Barkett
ATLANTA (Legal Newsline) - A federal appeals court, in a ruling last week, remanded a case over a bank's overdraft fees to a lower court for arbitration.
In its July 6 opinion, the U.S. Court of Appeals for the Eleventh Circuit reversed the decision of the U.S. District Court for the Southern District of Florida.
The district court had denied a motion by Branch Banking and Trust Company, otherwise known as BB&T, to compel arbitration in a putative class action brought by customer Lacy Barras.
Barras alleged, on behalf of herself and the class she is seeking to represent, that BB&T charges overdraft fees for payments from checking accounts even when the account contains sufficient funds to cover the payments.
In her suit, she also alleged that BB&T supplies inaccurate and misleading information about account balances, and fails to notify customers about changes to the bank's policies for processing checking account transactions, thus increasing overdraft charges assessed against customers.
BB&T had moved to compel arbitration of all of Barras' claims pursuant to an arbitration provision contained in its Bank Services Agreement, or BSA.
In a May 10, 2010 order, the district court denied the bank's motion, ruling that the arbitration agreement was "unconscionable" under South Carolina law and could not be enforced.
However, before the Eleventh Circuit decided BB&T's appeal from that order, the U.S. Supreme Court ruled in AT&T Mobility LLC v. Concepcion.
Last April, the nation's high court, in a 5-4 vote, said companies can enforce contracts that bar class action lawsuits.

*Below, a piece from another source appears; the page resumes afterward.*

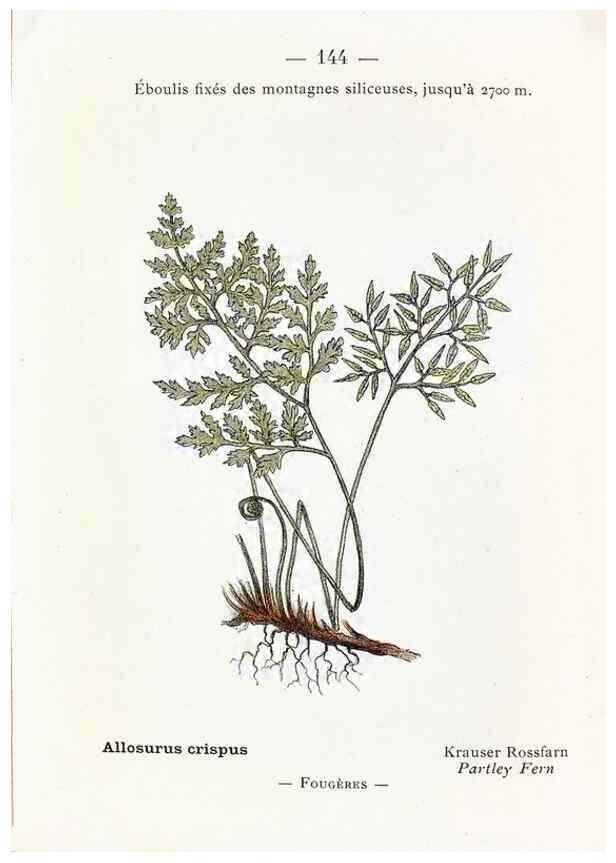 Reproducción/Reproduction 49345107403: Nouvelle flore coloriée de poche des Alpes et des Pyrénées.. Paris,Klincksieck,1906-1912..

In the Concepcion case, Vincent and Liza Concepcion attempted to sue AT&T over a 2002 cell phone purchase.
At the time, the cell phone company had advertised the phone as free, but then it charged customers for tax on the phone's normal price.
In response, the couple brought a class action on behalf of everyone who had taken advantage of the AT&T offer. However, the contract the couple signed said all disputes had to go to an arbitrator.
Parties may sometimes settle disputes through arbitration, rather than litigation. When the dispute involves numerous individuals in the same situation, a few individuals may conduct the arbitration on behalf of the larger groups, similar to a class action suit.
The question before the U.S. Supreme Court was whether the Federal Arbitration Act prohibits states from mandating that class arbitration be available as a part of every arbitration agreement.
The act, originally passed by Congress in 1925, says states must apply the same rules to arbitration as they do to normal court cases.
In light of the Court's ruling, the Eleventh Circuit remanded Barras' case to the district court for reconsideration.
BB&T then renewed its motion to compel arbitration. The district court again denied that motion.
BB&T again appealed the ruling to the Eleventh Circuit.
The bank argues: (1) that the question of whether the arbitration provision is enforceable must be resolved by the arbitrator; (2) that the cost-and-fee-shifting provision in the agreement that the district court held unconscionable does not apply to the arbitration provision; (3) that Concepcion prohibits application of South Carolina's unconscionability doctrine to the arbitration provision; (4) that the cost-and-fee-shifting provision, in any event, is not unconscionable; and (5) that the cost-and-fee-shifting provision is severable from the arbitration provision.
In its 26-page ruling, the Eleventh Circuit said the district court did not err in refusing to submit the question of unconscionability to the arbitrator.
It also found no error in the court's conclusion that the cost-and-fee-shifting provision is applicable to costs arising from arbitration.
The Eleventh Circuit also ruled that South Carolina's unconscionability doctrine does not interfere with "fundamental attributes of arbitration" as identified by the U.S. Supreme Court, and is therefore not preempted by the FAA in its application of arbitration agreements.
But as for whether the cost-and-fee-shifting provision in BB&T's arbitration agreement is unconscionable under South Carolina law, the court sided with Barras.
"The provision is particularly inconspicuous and surprising when it is considered in light of its consequences: entitling BB&T to unilaterally claim a right to payment for 'any loss, costs or expenses' incurred in 'any dispute' with Barras, regardless of the outcome of that dispute," Judge Rosemary Barkett noted.
"By making Barras responsible for BB&T's costs even if she prevails on her claim, the cost-and-fee-shifting provision contravenes basic expectations that attorney's fees and costs generally are not recoverable by a non-prevailing party."
However, the Eleventh Circuit concluded that the cost-and-fee-shifting provision is severable from the arbitration agreement.
Therefore, the "invalidity" of that provision does not affect the arbitration agreement, the court explained.
"The arbitration agreement contained in the BSA is capable of operating independently of the unconscionable cost-and-fee-shifting provision because the arbitration provision incorporates rules promulgated by the American Arbitration Association that govern all aspects of an arbitration proceeding, including the apportionment of costs," Barkett wrote.
"These rules operate wholly independently of the cost-and-fee-shifting provision and would not be impaired by invalidating the cost-and-fee-shifting provision."